The actual effectiveness of the Madman Theory is open to debate. But it’s easy to imagine that it least could have played a role in bringing the North Vietnamese back to the negotiating tables in late 1972 after the US unleashed Operation Linebacker II, which was the heaviest bombing campaign of the war directed against Hanoi and Haiphong. If Nixon was willing to go farther with that bombing than any American leader before and if he was mad (or at least unstable) who knows how much further he would be willing to go? The North Vietnamese very well may have decided not to find out.

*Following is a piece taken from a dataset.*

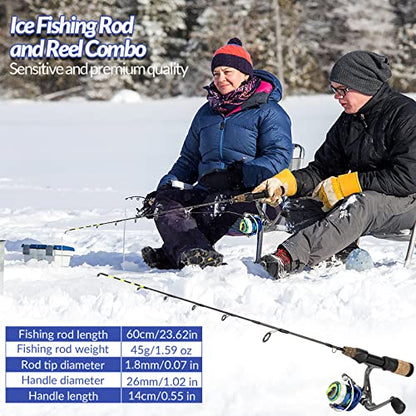 QualyQualy Ice Fishing Rod Reel Combo Complete Set Ice Fishing Gear with Backpack Seat Ice Cleats Ice Fishing Jigs Line Full Ice Fishing Kit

Now the beauty of putting this theory into practice with a Trump Administration is that there would no need to feign or exaggerate the madness of the Commander in Chief. As Max Boot put it when I raised this possibility on Twitter yesterday:
In this case it wouldn't be a charade https://t.co/sEkmRdsP7M— Max Boot (@MaxBoot) February 10, 2016
No, the madness would be all too real and quite obvious for all to see. And no one would want to call President Trump’s bluff knowing full well that he wouldn’t hesitate to carry it out.
Imagine the potential power this would provide to a wily Secretary of State trying to convince other countries to come around to a position more favorable for the United States.
“If I have to go back to President Trump and tell him we don’t have a deal, I don’t know what’s going to happen. You know how touchy he is. Would hate to think about what he might do if he got angry…”
And this wouldn’t have to be limited to countries we normally consider as antagonistic to American interests like North Korea, Iran, or Russia. The EU starts cracking down on American tech companies over privacy concerns?
”You got a real nice city here in Brussels. It’d be a shame if something were to happen to it.”
The possibilities for utilizing this in foreign policy are almost endless. Let’s get nuts.